Hmm i must say, we've been using the mysql backend from the start
and it was working great for us (till version 3.0.14)
we have several sub system's attatched to the mysql database (account printing, intranet, ftp ect ect)
so you'll see, that just a simple backend switch isn't simple..!!
we find it a big bummer that the mysql backend is going to be removed.
just because the lack of programmers...!??? (lame argument/excuse)
several people and organisations rely on these backends.!
i mean, samba3 started with all these backend, users made there choice, and now they kinda forced to switch to ldap...!
waiting for samba 4 is not the isue here, since this discussion is about samba 3
most of us will be ok, with a stable mysql backend, ok so there are not as manny functions as with the ldap... we have to take that for granted.
it still will be cheaper to stick with mysql, that migrating to ldap!
I'm just one of the users, not the maintainer. withou anny free spare time..
my guesses are, that the best thing is to remove the mysql_backend and keep it as a seperate download/module (as well as the other passwd modules!)
so that you have 1) samba and you need 2) a passwd backend..
developing it some were else, isn't a good idea, just leave it with samba, but as a differend tree/project ??
just giving my opinion..
I will create a SourceForge project for this module and upload the latest version available, so everyone can start developing on it.

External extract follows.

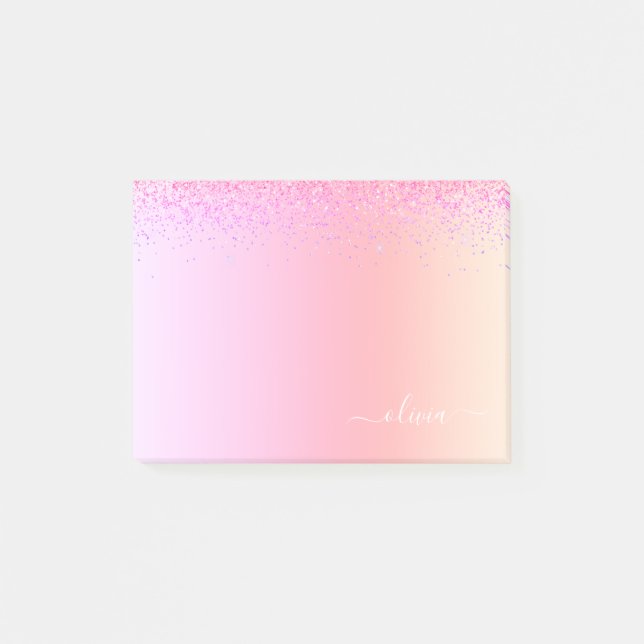 Rainbow Pastel Girly Glitter Metal Monogram Name Post-it Notes (Front)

I'll let you know the URL as soon as the project has been approved by SF.net.
However, what we need is programmers. That a lot of people (including me ;-) are saying, yes, we would continue using this module and yes, we would help
I am also willing to help. However actually the limiting factor is time. But soon or later i will have come to this, since i decided to stick with MySQL.
Sounds good! I'll let you know as soon as the sf.net project is up and running. :-)
Florian, Just to give you a heads that we will be changing
a lot for 3.0.22.
Initially, there are probably 3 things to focus on:
(a) getting the build working outside of the Samba source tree,
(b) marking which versions of the pdb_sql code is compatibile
with what versions of Samba, and
(c) fix the pdb_sql code to work with the current SAMBA_3_0 tree.
Let me know if you need help with (a). I can probably point you
in the right direction.
I would recommend that all discussion be moved to the samba-technical
mailing list and possibly CC'd to the email@example.com address as
well in case anyone is not subscribed to the tech list.
Just to get a bearing on where this is, what version of the official samba source contained a working pdb_mysql implementation?
I was under the impression since I first contributed my bug confirmation in bug 2531 that the last working version was 3.0.11.
thanks for that information. Does that mean that the module won't work with 3.0.22 anymore? I initially thought that 3.0 line will be supported, and that beginning with 3.2 the module will be dropped, so that at least security fixes will be available for the pdb_mysql users as well?
Support for (a) sounds good! Shall we move that discussion to samba-technical, or will you attach information to this issue? Or shall we meet in IRC?
I have set-up a SourceForge project at
including three mailing lists. I ask everyone interested in further development of the pdb_sql module to subscribe to samba-technical@samba and pdbsql-discuss@sf
Florian, 3.0.22 will be what was propsoed as 3.2.
And yes we should move to the samba-technical ml.
Okay, I will try to sum up some things and get on to samba-technical.
Jerry: Do you already know what in case of security issues with 3.0.21 will happen? Will there be a backport for the .21 series, so pdbsql users can at least run without any security issues? I guess not?